By now, we are sure that you are all aware that wellbeing and mental health are high on the agenda of many people in New Zealand following the government’s announcement about their response to He Ara Oranga, the Mental Health and Addiction Inquiry. Expectation for change is high. Funding has been significantly increased and the first ever ‘Wellbeing’ budget is receiving global attention.

 

This should be music to the ears of thousands of nurses who have seen the distress of people and who have known for many years that they could do so much more if there were the resources available. But we are only part of the solution. The Inquiry report clearly signals that a whole of society response is needed to best support people and their families and whānau.

 

It is time to act now. In 2018 we lost 660 people to suicide, a very sad and tragic reality. The urgent attention now being paid to addressing suicide is long overdue and must include high investment in culturally effective approaches that can reach a person in that darkest moment when they are wrestling with their own will to live. Support must be easily accessible and available from a range of people as we know that many lost to suicide have had no contact with mental health services. The immense value that families, whānau, friends or colleagues play in being with people in times of despair should be highly valued by employers, educators and the wider communities. Loneliness and disconnection cannot be cured with medication, it may be part of the solution, but more is needed. This electronic age of gaming and social media can both connect and disconnect us all. It is time to value and make the time to be with people in need. One suicide is indeed one too many.
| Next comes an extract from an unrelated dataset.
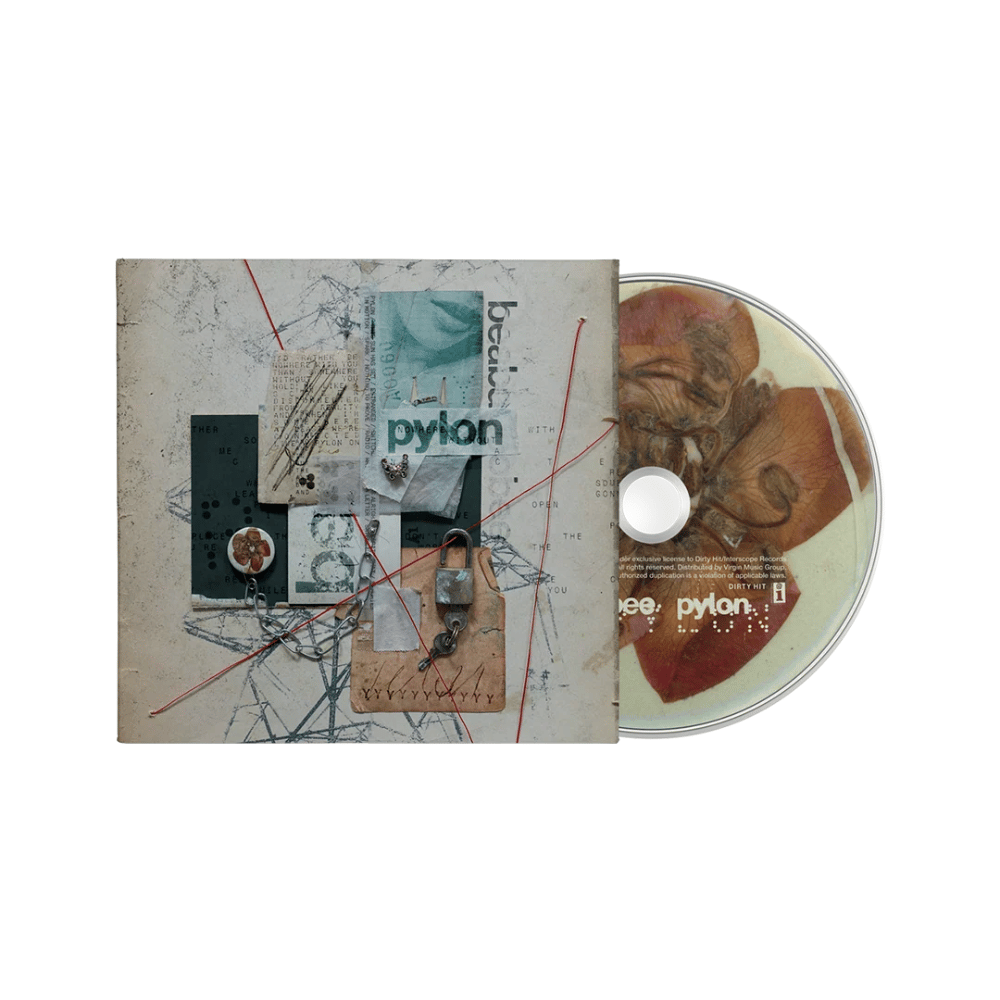 Beatopia Coke Bottle Green | beabadoobee | Townsend Music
Reshaping primary care is long overdue. Ensuring people can receive support early and be supported with their health needs will require a major overturn of the funding models applied to primary care to fully release the untapped potential of nurses. The Inquiry findings noted that the Health and Disability Review due to be completed in 2020, may provide some guidance on this issue. Preliminary outcomes from the recent Treaty of Waitangi claim against the Crowns Health Ministry clearly signal that funding models must change if we are to support the health and wellbeing of Māori people. Over the coming years we expect to see that the findings from this Treaty of Waitangi claim will be part of reshaping how mental health and addiction services are delivered in Aotearoa, New Zealand.

More time to be with people in distress is needed to ensure we provide the least restrictive care in Aotearoa and specifically so for Māori people.  Work has been underway for several years on reducing restraint and seclusion and is decreasing. However involuntary treatment orders remain high. The revision of the Mental Health Act is long overdue. Investment in primary care and the rapid development of more, early culturally responsive approaches will go a long way in paving the way for the very limited future use if any of involuntary treatment. Increasing the range of options and choices for people is a must.

It really is time to return to having an independent Mental Health and Wellbeing Commission. This must survive changes in government and be resourced to both ensure changes are made and result in people receiving the care and support they need to live well. We trust that it goes without saying that the Treaty of Waitangi principles will underpin this new Commission.

Nurses will stand the test of time. Being with people is what we as nurses have always been good at. Being with vulnerable people, children and their families and whānau, people in distress, people who see things that we do not see, people who live in tunnels of darkness where there is no light, people whose lives become too chaotic. People like you and people like me perhaps. People in our families and people in our neighbourhood.

It is time for this government to invest in ensuring we have a healthy and well workforce.  The workforce will need to grow therefore it is imperative that worker wellbeing must be a valued and an integral part of all services. This will go a long way to recruiting and retaining the people needed to deliver services. Change is ever present in health care and can be overwhelming. The many years of under-resourcing in health has resulted in high demand for services and we know that many nurses are feeling stressed and overwhelmed at times. Over the coming years the transformation in our mental health and addiction system will bring opportunities and challenges. Our own resilience will help get us through but the system must ensure that it supports the wellbeing of people providing services so they can do their best for the people needing and wanting support with their wellbeing and recovery. It is also time to take care of yourself.

 

It is time for us all to pause and reflect on our own ability to be culturally responsive. After all, we are all practicing in Aotearoa, New Zealand; we are here to serve the people who want and need support with their wellbeing; we are here to serve their families, whānau; we are here to serve our communities.

It is time to reflect and consider our own roles in how we can transform services

  • What more could we be doing to help prevent suicide?
  • How can we contribute to the reform of the Mental Health Act?
  • How will the new Mental Health and Wellbeing Commission impact on my work as a health professional?
  • How can I contribute to the Health and Disability Sector Review?
  • How can I take stronger action on alcohol and other drugs?
  • What role do I play or what role could I play in expanding access and choice to people in need of support with their mental health and addiction problems?
  • How can I get involved in developing new ways of working?
  • How can I play a part in transforming services?
  • How can I work more with consumer advisors and family and whānau advisors to meet the expectation of codesign and codelivery of services? What I am doing now?
  • How can I advocate for a cross-government involvement and leadership to support the national co-design process for mental health and addiction services?
  • How can we more actively confront unconscious bias, discriminatory language that lead to missed opportunities to maximise the inclusion of people and their families and whānau in the decisions about their care?.
  • How can I advocate for a cross-government involvement and leadership to support the national co-design process for mental health and addiction services?